What’s the difference, as well, between works-based salvation and walking in obedience to Jesus Christ? One is self-driven and controlled, while the other is self-sacrificed in surrender and submission to our Lord Jesus. In other words, although it is true that we can do nothing to earn or to deserve our own salvation, and that we are not saved by works, but by God’s grace, through faith in Christ, our salvation is not absent of works. We must yield to our Lord, in surrender to his will, and we must submit to death to sin and living to righteousness, for which he died. We must obey the gospel which teaches death to sin and living to righteousness. All this, though, is done not in our own strength and power, but in the strength and power of God’s Spirit now living within us, as we cooperate with his work of grace in our lives. This is not about striving, in other words, but it is about resting in our Lord in submission and in surrender to his will. And, it is about following him in obedience to that will for our lives.

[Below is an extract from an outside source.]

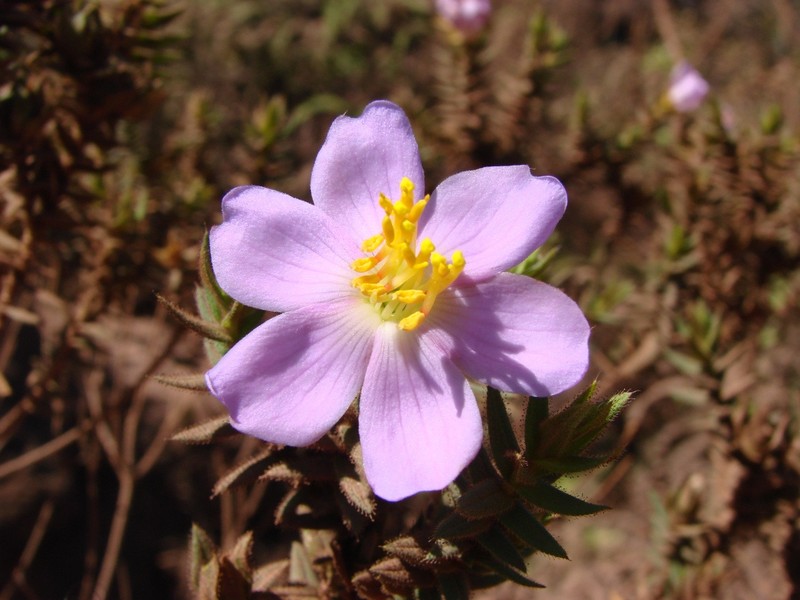 Microlicia glandulifolia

Jesus, I am Resting, Resting / Jean Sophia Pigott

Jesus, I am resting, resting,
In the joy of what Thou art;
I am finding out the greatness
Of Thy loving heart.
Thou hast bid me gaze upon Thee,
And Thy beauty fills my soul,
For by Thy transforming power,
Thou hast made me whole.

Simply trusting Thee, Lord Jesus,
I behold Thee as Thou art,
And Thy love, so pure, so changeless,
Satisfies my heart;
Satisfies its deepest longings,
Meets, supplies its every need,
Compasseth me round with blessings:
Thine is love indeed!

Ever lift Thy face upon me
As I work and wait for Thee;
Resting ‘neath Thy smile, Lord Jesus,
Earth’s dark shadows flee.
Brightness of my Father’s glory,
Sunshine of my Father’s face,
Keep me ever trusting, resting,
Fill me with Thy grace.

Jesus, I am resting, resting,
In the joy of what Thou art;
I am finding out the greatness
Of Thy loving heart.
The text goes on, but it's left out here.